I think to the rational person the editorial says what is going on is a civil war.

I can't speak directly for Rik, but I suspect this applies to him as well as me. As a rational person, I compare the editorial's definition of the term "civil war" with my own definition. If said editorial's definition does not fit mine, and I choose not to adapt their definition (which I don't because I think mine is better), then the evidence they present regarding whether or not Iraq is a civil war under their definition do not necessarily support the argument that it's a civil war under my definition. It is quite possible that the same evidence can support a civil war under one definition AND the absence of a civil war under another definition. There's nothing irrational about it, just a recognition that the definitions don't match. I have already made this explicit, so I'm surprised you didn't consider this possibility when responding to Rik. Wouldn't that have been the rational thing to do?
 
These particular attacks. US troops are still being regularly attacked, and suffering casualties.

The story is indicative of a real trend which is eqasily observable even if you track all attacks: the number of attacks against US and coalition troops is dropping significantly, and so are US and coalition casualties.
 
The story is indicative of a real trend which is eqasily observable even if you track all attacks: the number of attacks against US and coalition troops is dropping significantly, and so are US and coalition casualties.
That would be because attacks on Iraqi's are rising. You can cut it any way you want, it's not what Cheney and Rumsfeld thought it would be, and most definitely not Bush. Certainly, Powell.
 
That would be because attacks on Iraqi's are rising. You can cut it any way you want, it's not what Cheney and Rumsfeld thought it would be, and most definitely not Bush. Certainly, Powell.

So your problem with Cheney, Rumsfeld, and Bush is that they can't tell the future? Well hell! Alert Randi to stop payment on that $1,000,000 check he wrote to GWB!! :rolleyes:

-z
 
Yup, that's about the size of it.

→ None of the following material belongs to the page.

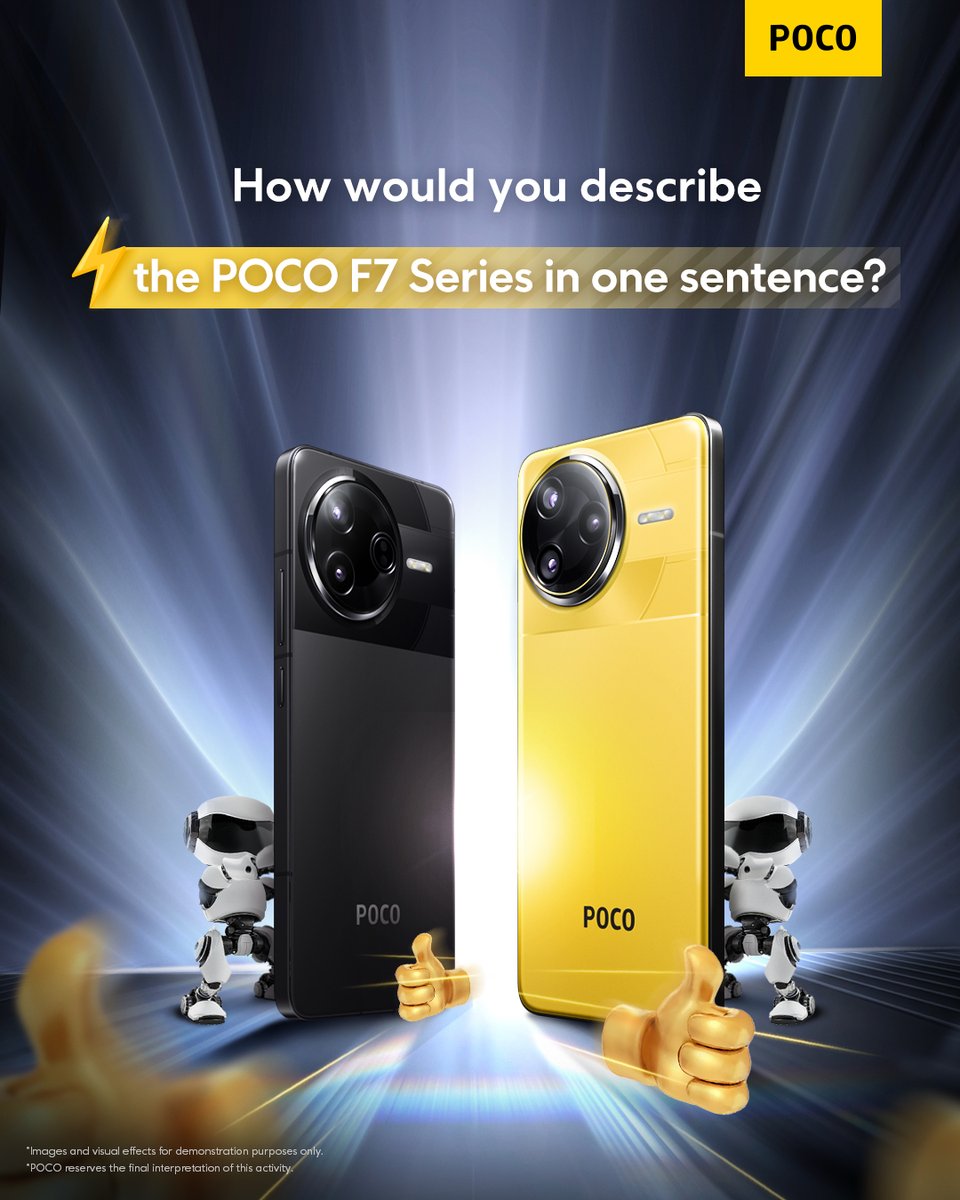 POCOGlobal's tweet image. How would you describe the #POCOF7Series in one sentence?
Don&apos;t forget to capture the spirit of #UltrapowerUnleashed.
Let’s see what you’ve got! 🚀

And we won't know definitively which of us was right, and to what extent, until probably years from now.
This is the one thing that Ziggurat has said which is almost certainly wrong.

A judgment as to whether this Iraq war was beneficial for the US, UK, Iraq, Israel, the surrounding Arab countries, and/or the world is a tricky one at best. I doubt very much if greater time will bring any greater clarity on the issue.

There were very real difficulties if Hussein was left in power. At some point the restrictions on his oil income would have ended and this would have left Hussein with massive funds to build and/or purchase whatever WMD he desired which he might have deployed to threaten his neighbors, or to use in a preemptive war against Israel, or to supply to terrorists to be smuggled into the US or Western Europe. Further he might have embarked on a genocidal war against the Kurds. So lots of bad stuff might have happened if Hussein had been left in power. No one can say definitively that any of that bad stuff or any other bad stuff wouldn't have happened if Hussein had been left in power.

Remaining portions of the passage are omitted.